Task goal:
The answer must reproduce all of the data below exactly and contain no images.

Collected material:
◇ ◇ ◇ ◇
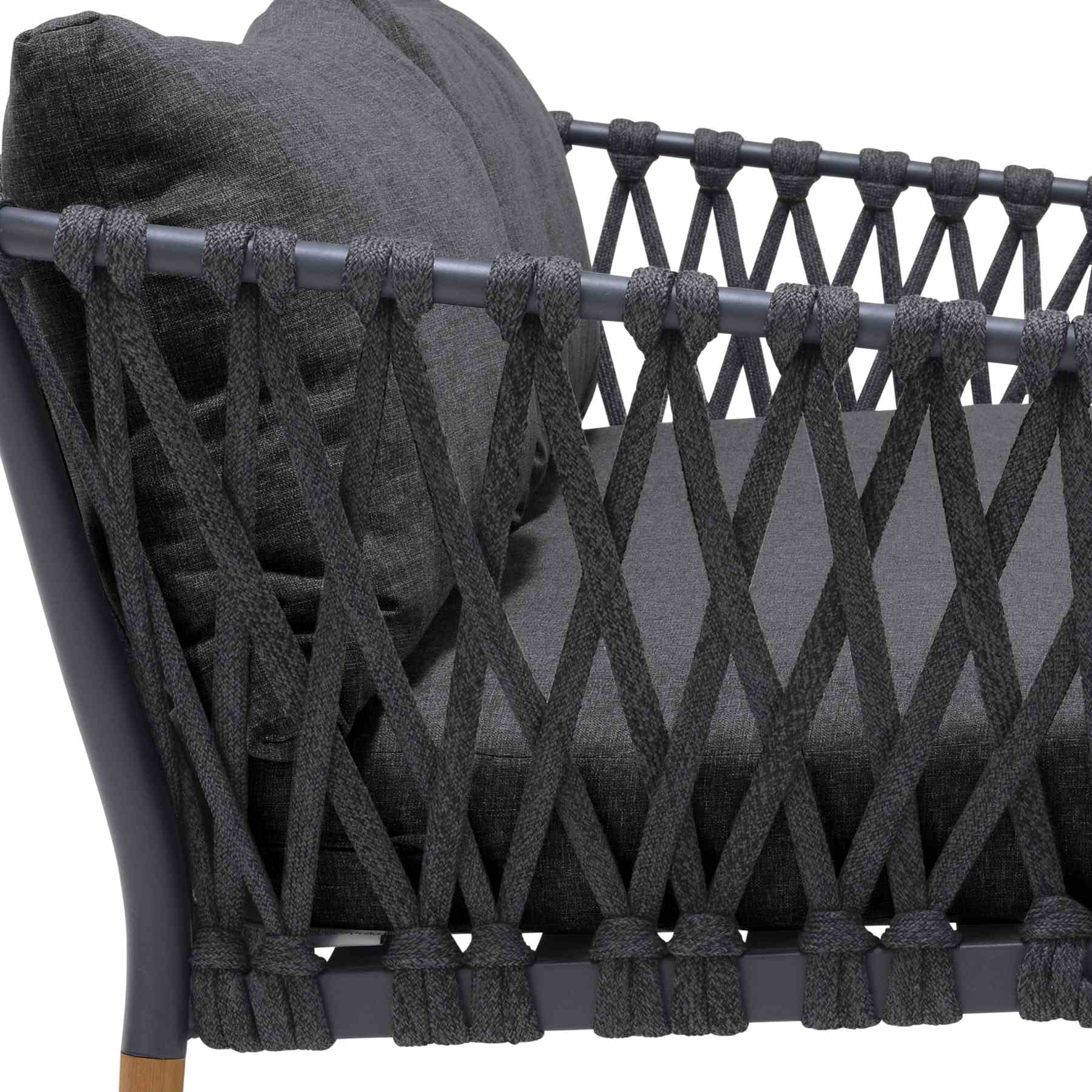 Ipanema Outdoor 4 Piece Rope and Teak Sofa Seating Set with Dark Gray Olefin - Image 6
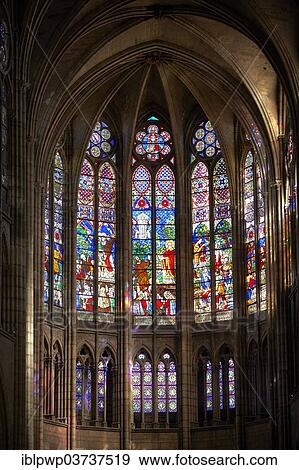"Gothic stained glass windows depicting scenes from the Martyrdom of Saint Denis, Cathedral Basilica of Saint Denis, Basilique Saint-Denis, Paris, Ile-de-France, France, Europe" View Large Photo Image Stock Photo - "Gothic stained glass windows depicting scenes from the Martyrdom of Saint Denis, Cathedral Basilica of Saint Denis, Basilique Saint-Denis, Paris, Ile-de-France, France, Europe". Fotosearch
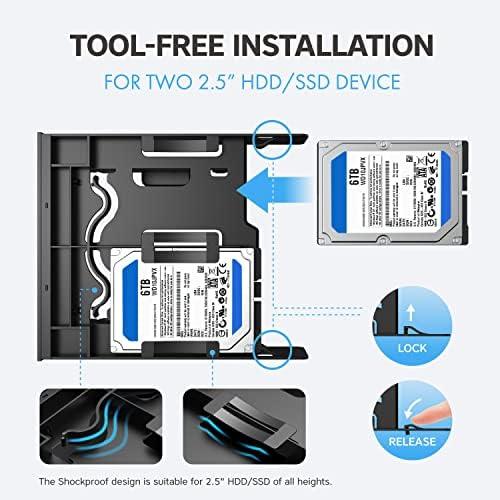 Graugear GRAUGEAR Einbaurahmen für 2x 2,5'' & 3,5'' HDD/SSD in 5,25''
◇ ◇ ◇ ◇
Response area:
 Ipanema Outdoor 4 Piece Rope and Teak Sofa Seating Set with Dark Gray Olefin - Image 6
"Gothic stained glass windows depicting scenes from the Martyrdom of Saint Denis, Cathedral Basilica of Saint Denis, Basilique Saint-Denis, Paris, Ile-de-France, France, Europe" View Large Photo Image Stock Photo - "Gothic stained glass windows depicting scenes from the Martyrdom of Saint Denis, Cathedral Basilica of Saint Denis, Basilique Saint-Denis, Paris, Ile-de-France, France, Europe". Fotosearch
 Graugear GRAUGEAR Einbaurahmen für 2x 2,5'' & 3,5'' HDD/SSD in 5,25''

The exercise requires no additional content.